A mostra comemora os 80 anos do Manifesto Antropófago (também conhecido como Antropofágico) de Oswald de Andrade, anunciando a publicação do catálogo raisonée de Tarsila, que será lançado em CD (em março) e livro (no segundo semestre) após extenso levantamento da Base 7 Projetos Culturais, responsável pela iniciativa da exposição. No manifesto, o escritor usou principalmente idéias de Freud para decretar uma revolução cultural caraíba, sugerindo que se devorasse o pai da tribo (ou o estrangeiro) para absorver suas qualidades. Sintonizada com as idéias do marido Oswald, um dos animadores da Semana de Arte Moderna de 1922, Tarsila criou, em 1928, ano do manifesto, sua tela mais conhecida, Abaporu, comprada em 1995 (por US$ 1,3 milhão) pelo colecionador argentino Eduardo Costantini e hoje pertencente ao acervo do Malba (Museu de Arte Latino-americano de Buenos Aires), próxima parada da exposição.

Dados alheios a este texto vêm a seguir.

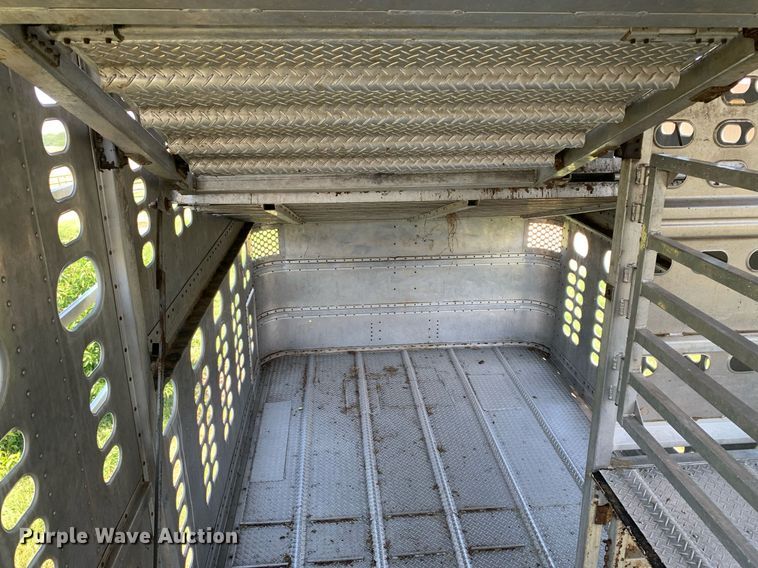 image for item LH9704 2003 Wilson PSDCL-402  livestock trailer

O Abaporu volta mudado ao Brasil. É nítido que passou por um processo de restauro na Argentina: o pé do canibal está ligeiramente diferente. Mesmo assim, é preciso comemorar a volta temporária desse ícone que o Brasil perdeu. Protegido por vidro, ele fica ao lado da Negra (1923) e da citada tela Antropofagia na sala principal da exposição, dividida em seis núcleos pela curadora Regina Teixeira de Barros. No primeiro, ela mostra como a milionária Tarsila, filha de um fazendeiro de café, vivia e pintava em Paris quando ainda era aluna da Académie Julien e de Emile Renard. No segundo, a curadora reuniu seus primeiros ensaios modernistas, quando Tarsila se integrou ao grupo dos articuladores da Semana de Arte Moderna de 1922. O terceiro núcleo cobre a produção de 1924, ano do Manifesto Pau-Brasil e da viagem que empreendeu junto ao grupo que acompanhou o poeta francês Blaise Cendrars pelo País. É nesse momento que Tarsila redescobre as raízes coloniais e a paisagem do interior do Brasil, filtrada pelo olhar estrangeiro de Cendrars.

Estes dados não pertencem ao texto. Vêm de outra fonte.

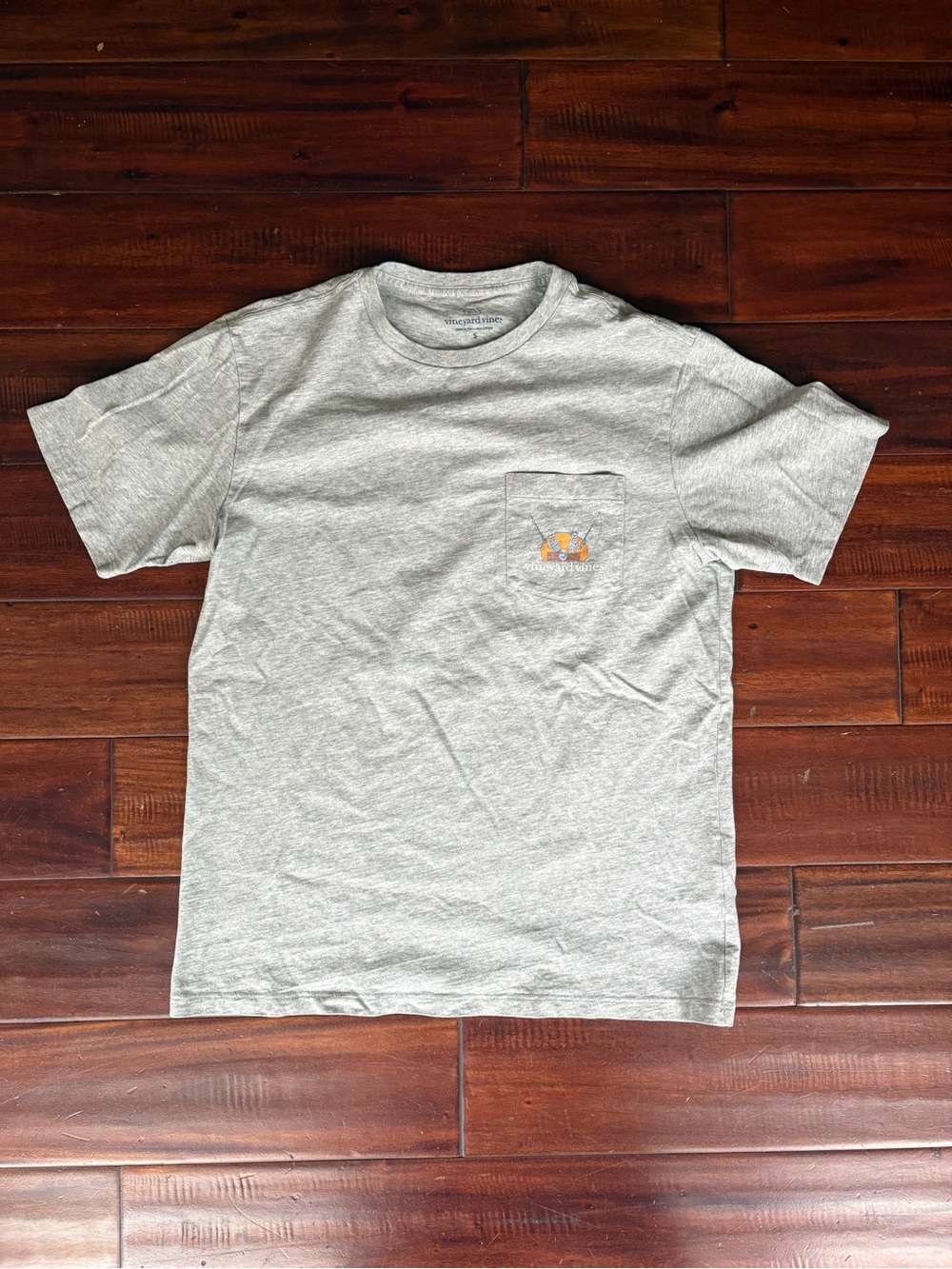 Vineyard Vines Heather Gray Pocket Tee with Small Logo. Size small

O quarto núcleo é o momento da volta de Tarsila a Paris, em 1925, e de sua viagem pelo Oriente Médio (1926). Com um caderninho de esboços nas mãos, ela registrou sua passagem pelo Egito, Grécia e Israel, chegando ao Líbano, Chipre e Turquia. A exposição apresenta 20 desenhos inéditos desse conjunto. No quinto núcleo, a busca da identidade brasileira iniciada em 1924 vira uma viagem onírica pelo imaginário infantil de Tarsila, resultando numa surrealista justaposição de lendas folclóricas. É o ano do Manifesto Antropófago, que vê nascer o Abaporu e outras criaturas fantásticas. No último núcleo, o sonho acaba com a quebra da Bolsa de Nova York, em 1929, e o rombo da bolsa familiar que garantia à pintora suas luxuosas viagens.

Tarsila finalmente descobre os operários e os cidadãos de segunda classe de um Brasil a caminho da industrialização. Vendendo obras de sua coleção particular (Léger, Brancusi e outros mestres) para pagar sua viagem à União Soviética, em 1931, ela descobre um outro mundo ao lado do novo marido, o psiquiatra Osório César. É de 1933 o ano da tela Operários, que representa o ponto final da exposição. O engajamento político de Tarsila nessa época é legítimo. Ela chegou a ser presa por conta da defesa de esfomeados como os retratados na linha férrea de Segunda Classe, tela integrante da mostra e pintada no mesmo ano de Operários.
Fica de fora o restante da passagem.